Image-caption web data
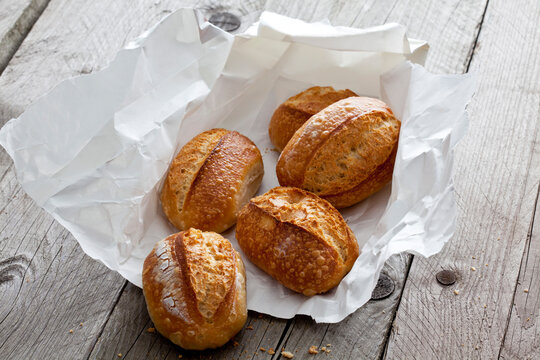 Five bread rolls on paper and grey wood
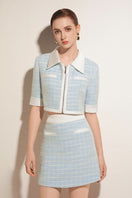 Valenciani mint tweed mini skirt with a fitted waist and stylish hem, perfect for a chic and trendy look.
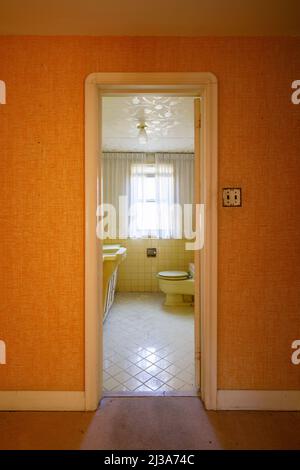 Ein Retro-Badezimmer aus den Jahren 1960s oder 1970s mit gelbem Thema. Dieses Haus wurde seitdem abgerissen. Stockfoto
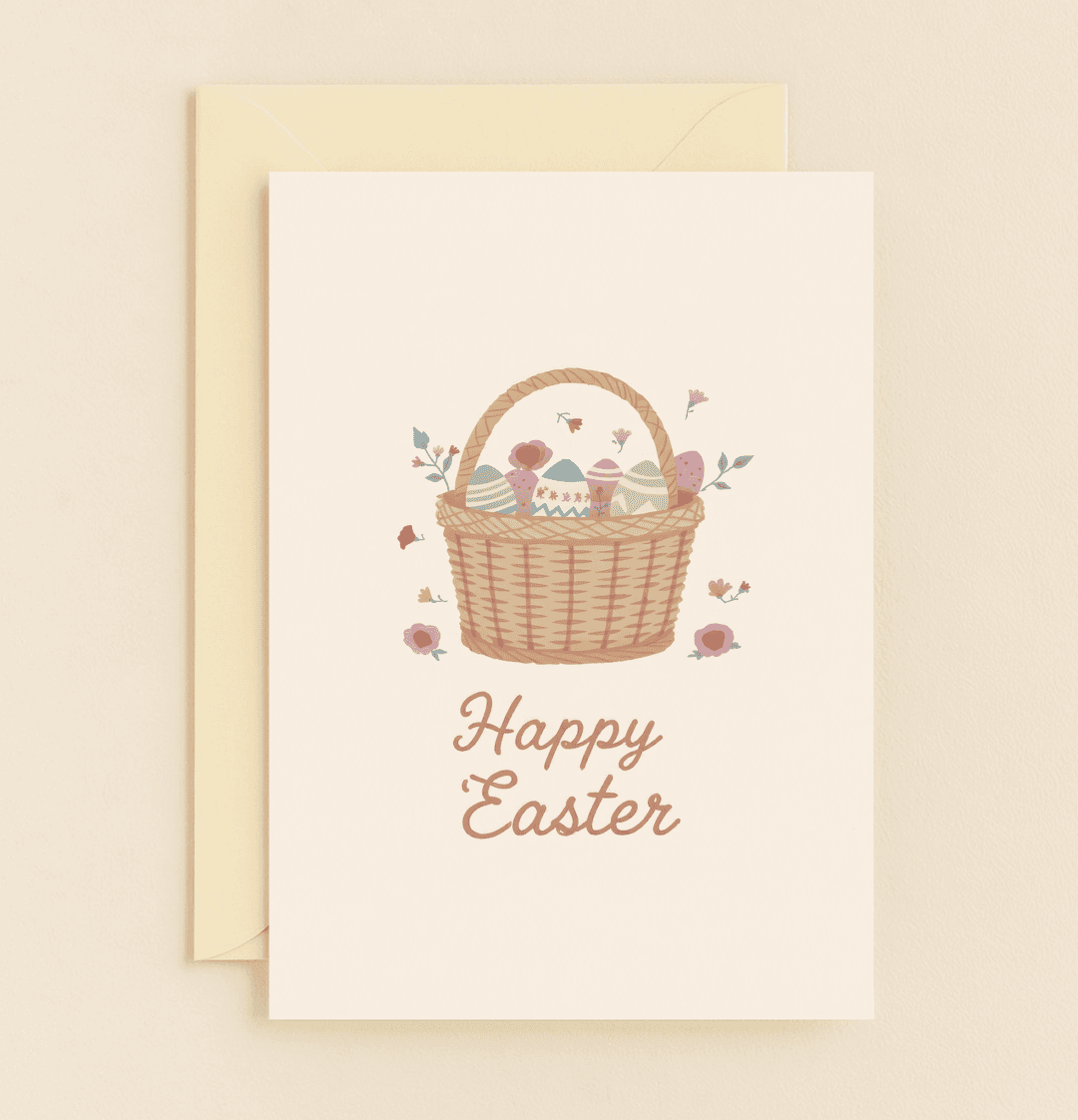 Celebrate Easter with a charming card featuring a pastel wicker basket brimming with decorative eggs, flowers, and the cheerful message "Happy Easter.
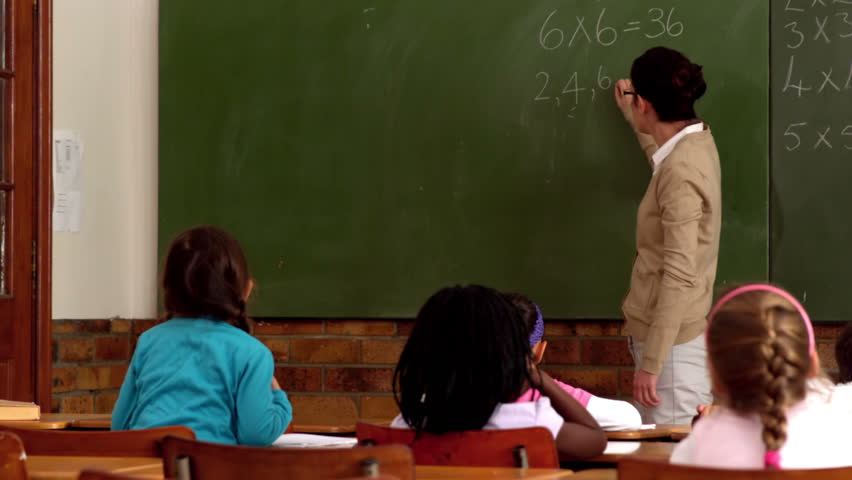 Zrenjanin Serbia March 30 2017 Teacher Write On The Table Board Teacher Teaching Math To Her Young Pupils In Clroom Slow Motion Hd Stock Video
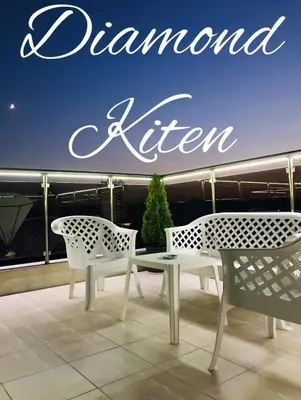 two chairs and a table on a balcony with a sign at Diamond Kiten in Kiten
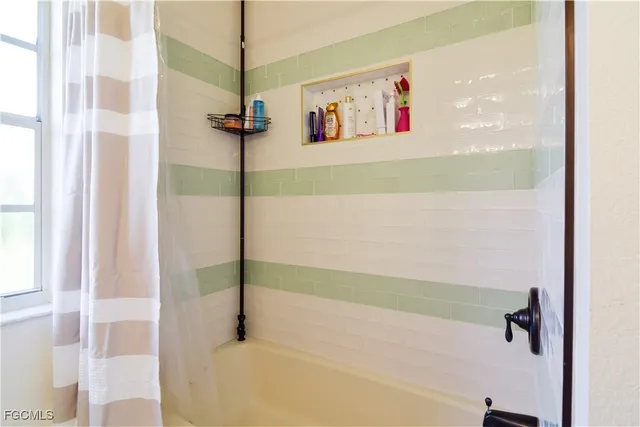 a view of a bedroom with utility room and wooden floor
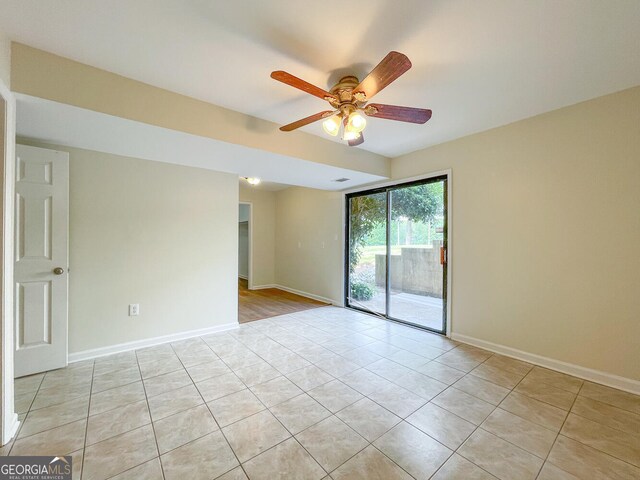 empty room with ceiling fan and light tile patterned flooring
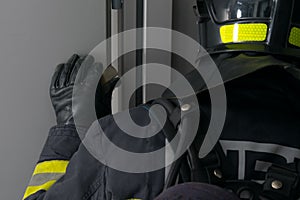 Close-up of a firefighter, rear view, looking out the dark window of a metal door, leaning on his arm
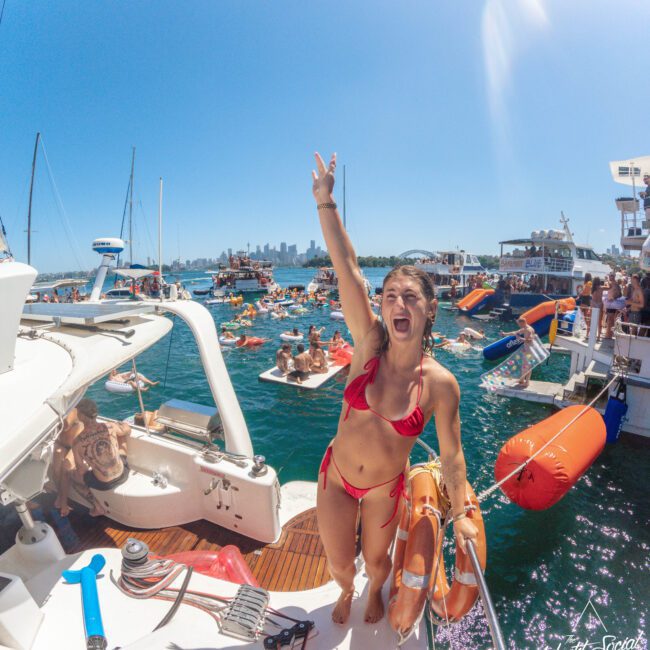 A woman in a red bikini stands on a boat, smiling and flashing a peace sign. Behind her, many people enjoy a sunny day on boats and inflatables in crowded blue water, with a city skyline visible in the distance.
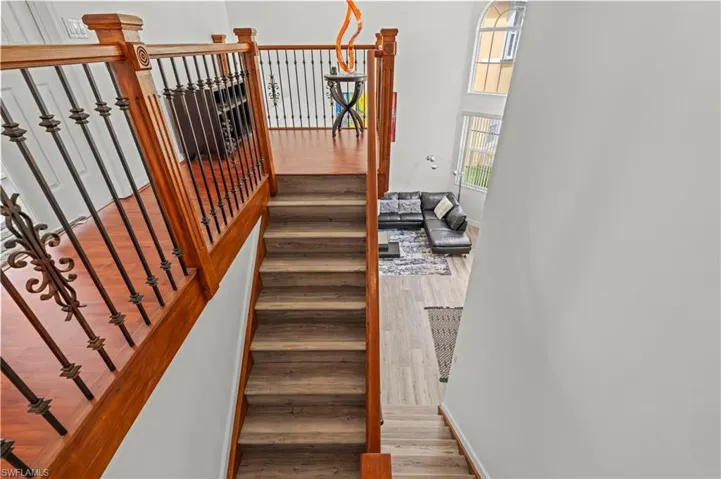 Stairway featuring wood-type flooring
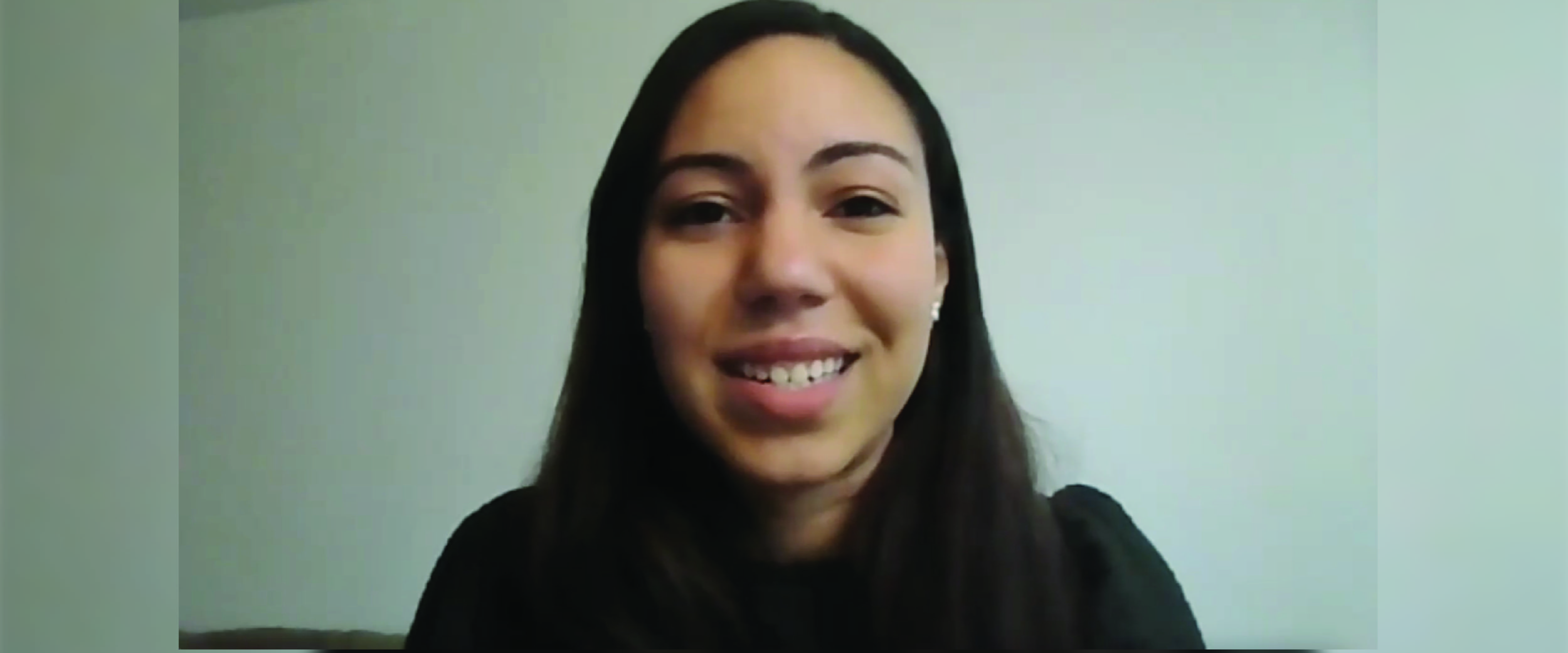 A smiling Booth student looks into the camera during a zoom interview. 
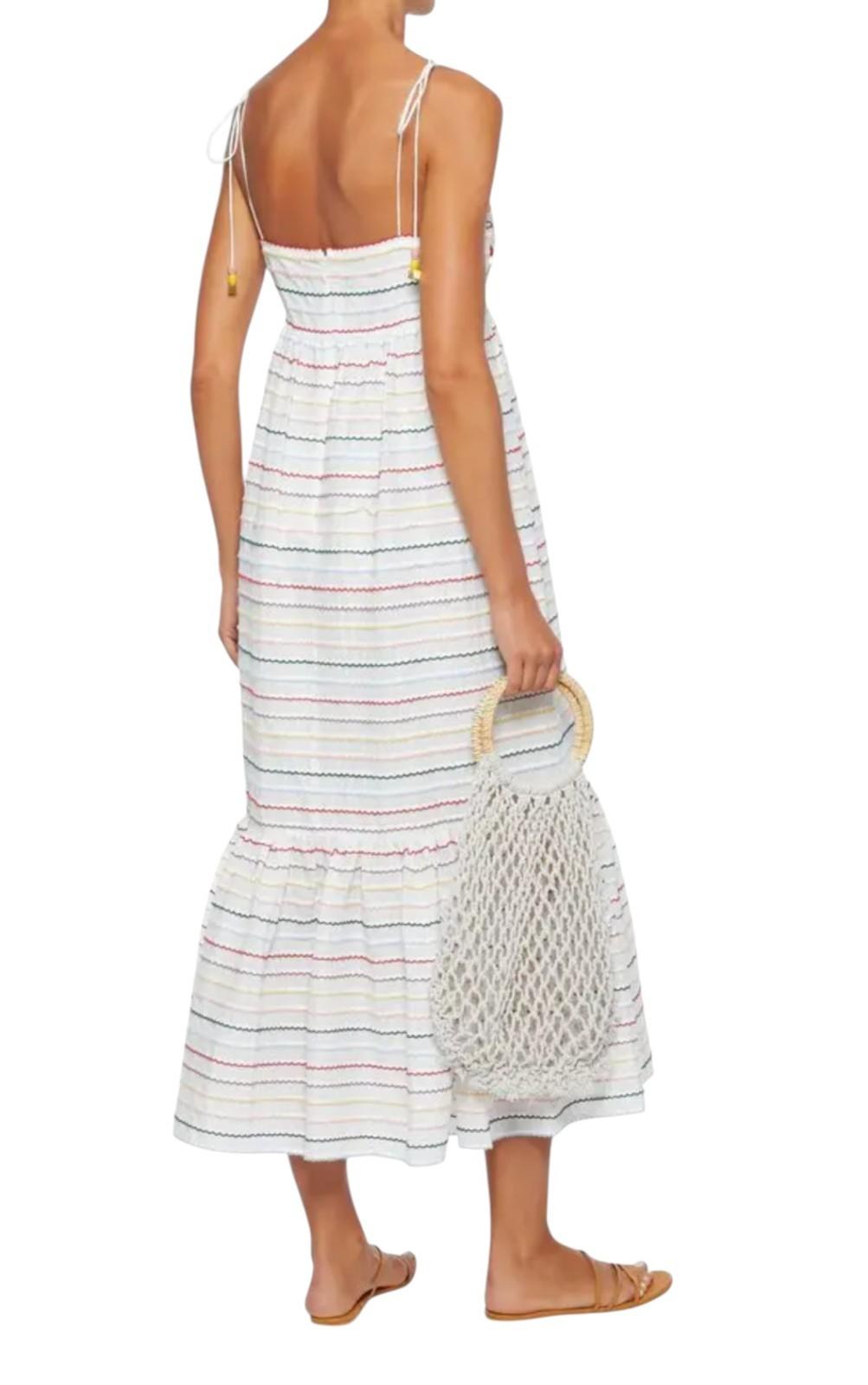 Woman wearing a striped dress holding a mesh bag on a white background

- TASK DETAILS:
Every record above must be printed exactly, except for its images.

- EXERCISE RESULT:
 Five bread rolls on paper and grey wood
 Valenciani mint tweed mini skirt with a fitted waist and stylish hem, perfect for a chic and trendy look.
 Ein Retro-Badezimmer aus den Jahren 1960s oder 1970s mit gelbem Thema. Dieses Haus wurde seitdem abgerissen. Stockfoto
 Celebrate Easter with a charming card featuring a pastel wicker basket brimming with decorative eggs, flowers, and the cheerful message "Happy Easter.
 Zrenjanin Serbia March 30 2017 Teacher Write On The Table Board Teacher Teaching Math To Her Young Pupils In Clroom Slow Motion Hd Stock Video
 two chairs and a table on a balcony with a sign at Diamond Kiten in Kiten
 a view of a bedroom with utility room and wooden floor
 empty room with ceiling fan and light tile patterned flooring
 Close-up of a firefighter, rear view, looking out the dark window of a metal door, leaning on his arm
 A woman in a red bikini stands on a boat, smiling and flashing a peace sign. Behind her, many people enjoy a sunny day on boats and inflatables in crowded blue water, with a city skyline visible in the distance.
 Stairway featuring wood-type flooring
 A smiling Booth student looks into the camera during a zoom interview. 
 Woman wearing a striped dress holding a mesh bag on a white background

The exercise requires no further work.